Stuffed Spaghetti Squash with beef, mushrooms & Swiss

Famed chef and restaurateur David Chang has a series on Netflix called Ugly Delicious and I highly recommend it to anybody who loves food. The name of the show is how I feel about this dish. I am not going to lie. The picture I took of this dish is ugly. My plates hale from the 70’s and aside from the squash, a loaf of meat slathered in ketchup also feels 50 years dated. It belongs on some ugly food hashtag for Instagram and I apologize for how ugly it is, but I do not apologize for this recipe because it is DELICIOUS!

This dish was almost an accident but in hindsight I couldn’t be happier with it. I’m a huge fan of meatloaf, it takes me back to childhood and you’ll usually find me eating it with a volcanic mountain of mashed potatoes surrounding a caldera of sweet snappy green peas. I “frost” my meatloaf with Heinz ketchup and eat all three together. It’s a mystery to me where I learned this method, but I love it and this dish brought me most of those flavors in a whole new form. It skips the taters completely and though there are no green peas rolling around the plate the squash itself fills that void with a fresh and slightly sweet “vegetable”. The meatloaf gets a big boost of flavor from the mushrooms and swiss while completely leaving out the breadcrumbs making this a gluten free winner! You could even kick the sour cream and swiss to the curb and sub in a scrambled egg for a gluten and dairy free option.

Stuffed Spaghetti Squash with beef, mushrooms & Swiss
Serves: 8

1 spaghetti squash
1 tsp olive oil
1/2 large white onion chopped
8 oz shiitake mushrooms stems removed & caps chopped
4 cloves garlic minced
1 lb good quality ground beef
3/4 tsp salt (plus additional for sprinkling the squash in step 3)
1/2 tsp black pepper
2 tbsp sour cream
3/4 cup swiss cheese shredded, divided


Preheat the oven to 400 degrees F.

Line a baking sheet with foil or parchment paper.

Slice the squash length-wise. Clean out seeds, sprinkle with salt, pepper and olive oil.  Place cut side down and roast for 30-40 minutes till “al dente”

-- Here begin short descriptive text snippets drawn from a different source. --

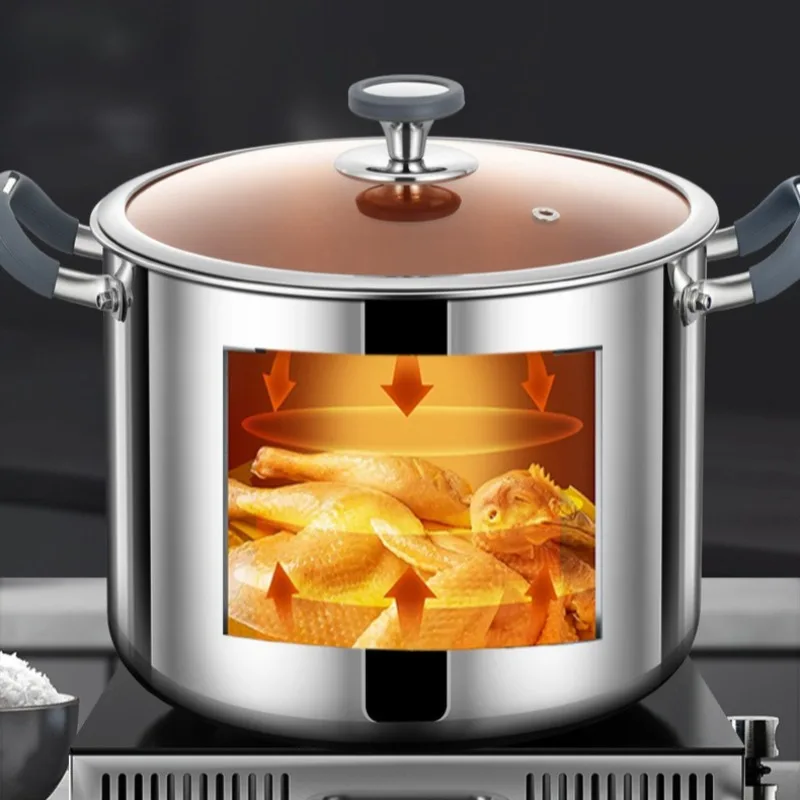 316 Stainless Steel Stew Pot Household Cooking Congee Steamer Uncoated Extra Thick Thickened Soup Pot Large Capacity Hot Pot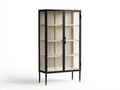 Bücherregal aus Metall und Glas 92×40×186 cm – Schwarz/Creme – mit 2 Glastüren und 4 Ablageebenen fürs Arbeitszimmer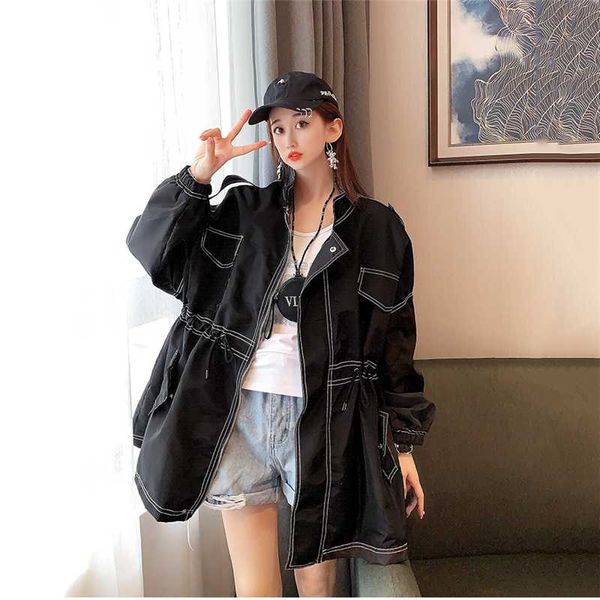 

women's trench coats 2021 spring autumn fashion long for women casual sleeve zipper windbreaker female b307, Tan;black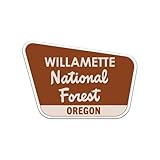 Willamette National Forest Oregon or Sticker Decal - Self Adhesive Vinyl - Weatherproof - Made in USA - oregon or explore hike hiking travel camp camping Sized 2' W x 1.31' H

Meanwhile, heat olive oil in a skillet over medium heat. Add onions and sauté about 7-10 minutes, stirring occasionally, until translucent and slightly browned. Add shiitake mushrooms and garlic. Sauté 5-7 minutes, stirring occasionally, until the mushrooms are slightly browned and have given up most of their water.

Turn the heat up to medium high. Add the ground beef to the skillet. Season with salt and black pepper. Sauté 7-8 minutes, breaking up the pieces with a spatula or spoon, until the beef is browned, and the onions are caramelized.

Remove from heat. Stir in sour cream and half of the shredded Swiss cheese. Spoon the filling into the squash halves.

Bake for 15 minutes, until the squash is cooked through and the filling is bubbly.

Turn the oven to broil. Sprinkle the remaining shredded Swiss cheese evenly on top of the squash boats. Broil 3 minutes, until the cheese is melted and browned.

Note: I found this dish best reheated. Once it’s been refrigerated you can slice the squash like a meatloaf. Peal off the squash shell and when you’re ready to prepare your meal set the oven to 350 and lay your slices on a lightly greased baking sheet and cook about 10-15 minutes depending on how thick your slices are. We served it childhood style – with plain old ketchup!